In Haar sind sie bereits unterwegs: die neuen „MyRadl“ des MVV. Die Vaterstettener Grünen haben nun beantragt, das Sharing-System auch in der Gemeinde einzuführen. Der Bau- und Mobilitätsausschuss befürwortete den Prüfauftrag einstimmig, äußerte aber auch Bedenken.
Immer wieder sei er auf die Mieträder angesprochen worden, berichtete Felix Edelmann (Grüne) bei der Begründung des Antrags seiner Fraktion. Die Teilnahme am früheren MVG-Rad sei für die Gemeinde zu teuer gewesen. Beim seit Mai eingeführten Nachfolgesystem „MyRadl“ des MVV sei man jedoch kostentechnisch „anders aufgestellt“.
Profitieren könnten unter anderem öffentliche Einrichtungen wie der Kletterwald. Besucher könnten mit der S-Bahn anreisen und anschließend mit einem Leihrad weiterfahren. Wer ein Deutschlandticket besitzt, kann die Räder 30 Minuten kostenlos nutzen. Danach kostet jede weitere halbe Stunde einen Euro, bei E-Bikes drei Euro je angefangene halbe Stunde.

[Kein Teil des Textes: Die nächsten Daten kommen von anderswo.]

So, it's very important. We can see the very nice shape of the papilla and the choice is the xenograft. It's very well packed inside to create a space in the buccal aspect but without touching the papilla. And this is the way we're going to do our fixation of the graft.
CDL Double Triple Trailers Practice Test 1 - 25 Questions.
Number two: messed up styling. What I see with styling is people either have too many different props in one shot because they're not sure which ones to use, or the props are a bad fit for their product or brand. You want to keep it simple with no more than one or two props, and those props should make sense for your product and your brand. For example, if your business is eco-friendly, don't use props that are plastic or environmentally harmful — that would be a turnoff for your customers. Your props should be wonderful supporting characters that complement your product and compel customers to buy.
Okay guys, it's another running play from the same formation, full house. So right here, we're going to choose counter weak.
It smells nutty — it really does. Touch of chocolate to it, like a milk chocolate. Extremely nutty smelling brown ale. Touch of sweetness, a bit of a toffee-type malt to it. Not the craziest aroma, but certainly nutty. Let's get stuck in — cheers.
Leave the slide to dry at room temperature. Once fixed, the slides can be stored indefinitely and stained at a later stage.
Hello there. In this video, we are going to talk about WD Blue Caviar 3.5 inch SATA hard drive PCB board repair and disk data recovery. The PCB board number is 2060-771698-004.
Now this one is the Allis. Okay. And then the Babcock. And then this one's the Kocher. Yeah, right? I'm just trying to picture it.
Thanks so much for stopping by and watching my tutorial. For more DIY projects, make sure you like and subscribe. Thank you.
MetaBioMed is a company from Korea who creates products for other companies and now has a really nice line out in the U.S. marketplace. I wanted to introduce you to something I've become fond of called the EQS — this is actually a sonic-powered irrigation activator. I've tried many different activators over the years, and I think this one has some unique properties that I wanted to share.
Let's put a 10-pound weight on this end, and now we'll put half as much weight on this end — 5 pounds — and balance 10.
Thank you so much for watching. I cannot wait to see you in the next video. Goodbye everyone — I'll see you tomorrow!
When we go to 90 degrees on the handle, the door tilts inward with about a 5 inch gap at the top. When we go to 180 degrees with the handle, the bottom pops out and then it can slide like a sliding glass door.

Bislang habe man gezögert, weil die Kosten des früheren Systems sehr hoch gewesen seien. In Poing kostete das alte Modell mit 25 Rädern an drei Stationen rund 75.000 Euro jährlich. Da beim neuen MVV-System, das Anfang Mai eingeführt wurde, keine festen Stationen mehr erforderlich sind, sei das Angebot deutlich günstiger. Miesbach zahle für zehn E-Bikes rund 2.500 Euro pro Jahr, erklärte Edelmann.
Auch Bauamtsleiterin Brigitte Littke präsentierte konkrete Zahlen, da die Einführung bereits in der Vergangenheit geprüft worden war. Das alte System hätte die Gemeinde rund 64.500 Euro jährlich gekostet. Für das neue Modell rechnet die Verwaltung mit Gesamtkosten zwischen 72.000 und 96.000 Euro über die gesamte Vertragslaufzeit von 2026 bis 2030. Kalkuliert wurde dabei mit neun Stationen und 40 bis 50 Fahrrädern. Empfohlen wurden der Gemeinde sogar 65 Leihräder.
Die Mitglieder des Bau- und Mobilitätsausschusses unterstützten den Antrag fraktionsübergreifend. Das MyRadl sei im Vergleich zum früheren MVG-Rad mit seinen damals „exorbitant hohen“ Kosten „sehr interessant“, sagte Josef Mittermeier (SPD). Er regte an, den Betreiber des Kletterwalds an den Kosten einer Station zu beteiligen.
Auch Benedikt Weber (CSU) bezeichnete den Antrag als „unterstützenswert“. Er gab jedoch zu bedenken, dass das Angebot vor allem von auswärtigen Besuchern genutzt werden dürfte, da die meisten Vaterstettener ihr eigenes Fahrrad besäßen. Dennoch könne das System eine sinnvolle Ergänzung sein – etwa bei Ausfällen der S-Bahn, wenn Fahrgäste beispielsweise von Haar nach Vaterstetten radeln müssten. Die Räder können gemeinde-, stadt- und landkreisübergreifend ausgeliehen und zurückgegeben werden.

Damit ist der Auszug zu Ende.